- EXERCISE BRIEF -
For the data that follows, print the line with "Mixed Grill With Skewers - Single Portion", the line with "World War II", and all lines between them, exactly as they stand. Omit pictures and add nothing.

- DATA -
--- --- ---
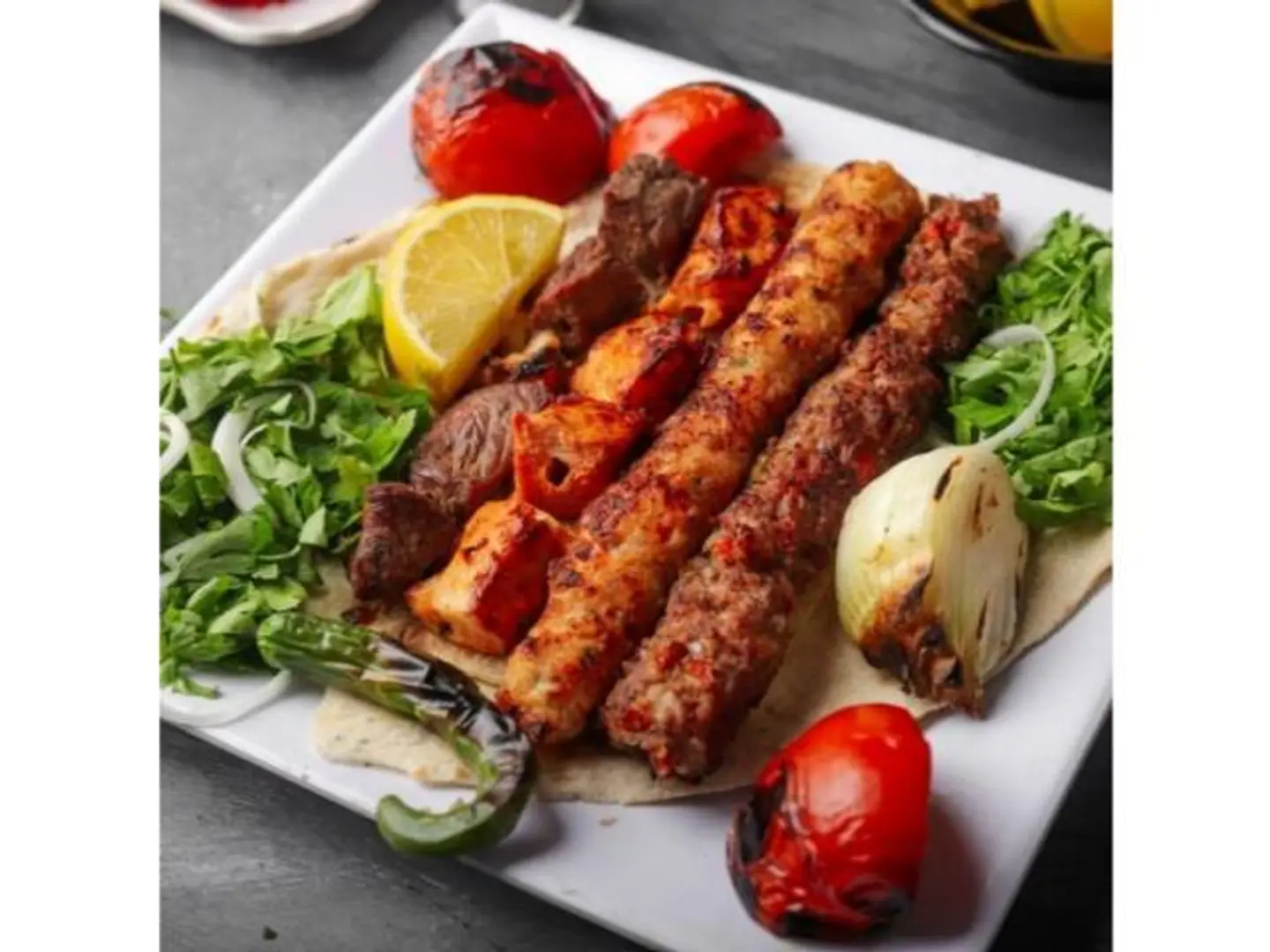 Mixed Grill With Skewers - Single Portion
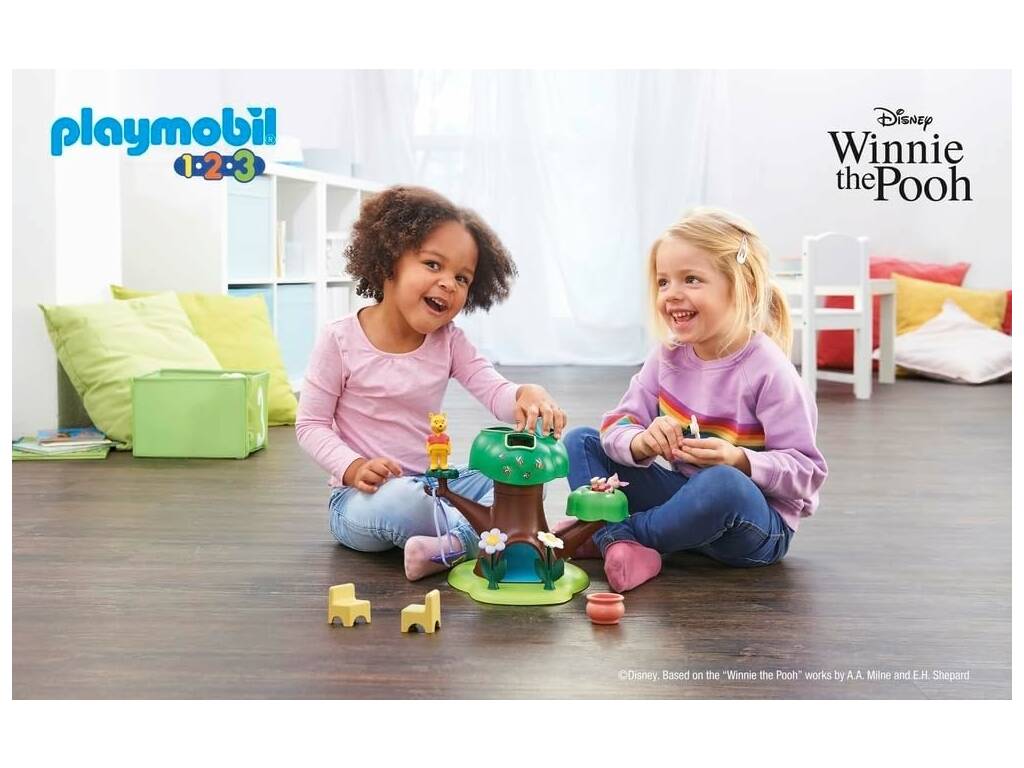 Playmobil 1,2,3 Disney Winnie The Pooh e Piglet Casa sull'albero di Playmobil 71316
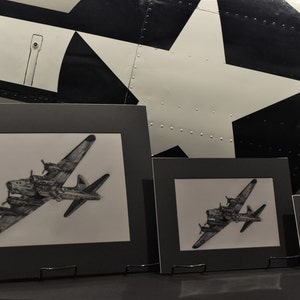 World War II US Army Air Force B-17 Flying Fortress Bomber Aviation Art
--- --- ---
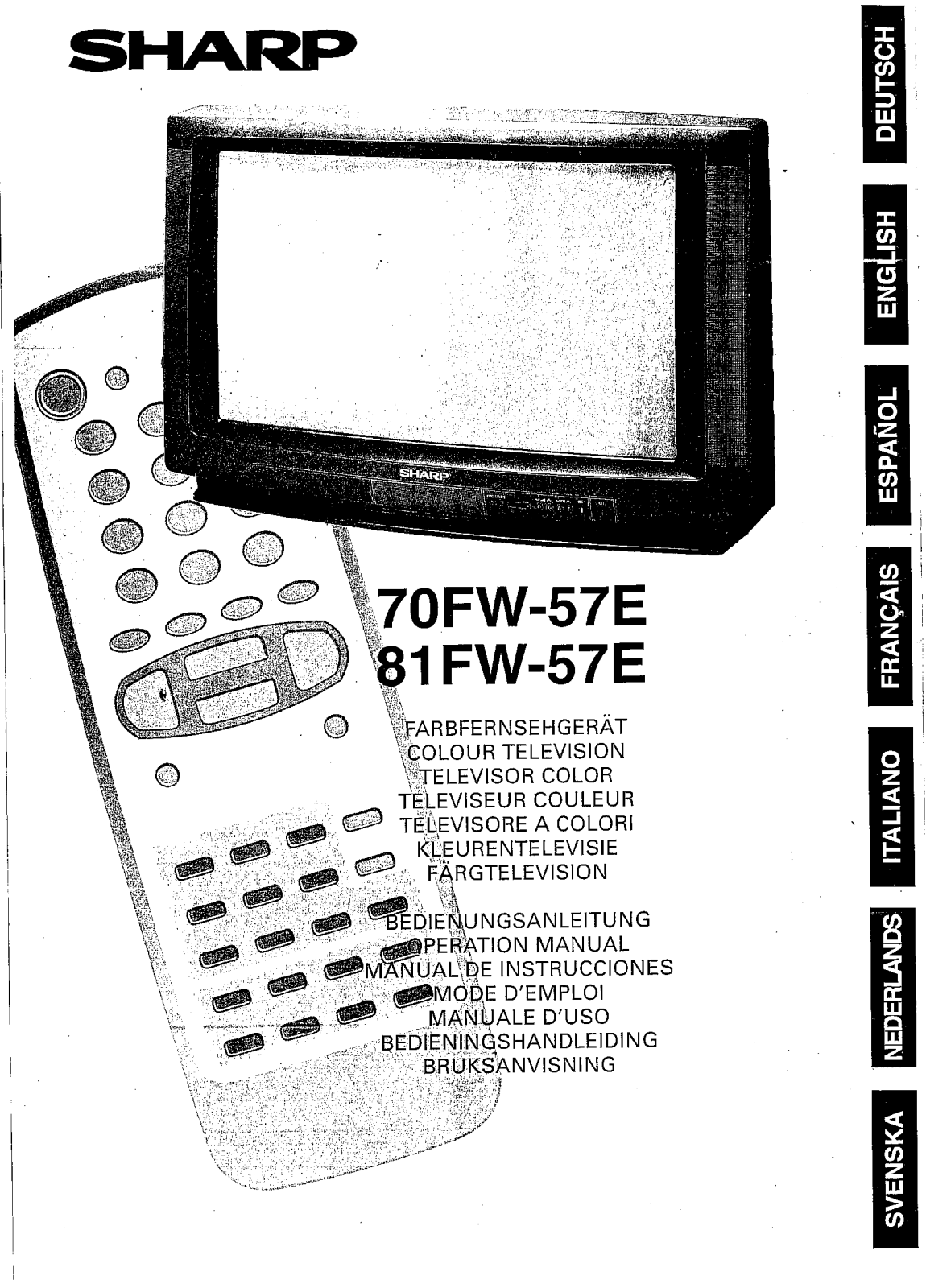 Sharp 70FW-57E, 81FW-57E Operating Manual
--- --- ---
- RESPONSE TO THIS TASK -
 Mixed Grill With Skewers - Single Portion
 Playmobil 1,2,3 Disney Winnie The Pooh e Piglet Casa sull'albero di Playmobil 71316
 World War II US Army Air Force B-17 Flying Fortress Bomber Aviation Art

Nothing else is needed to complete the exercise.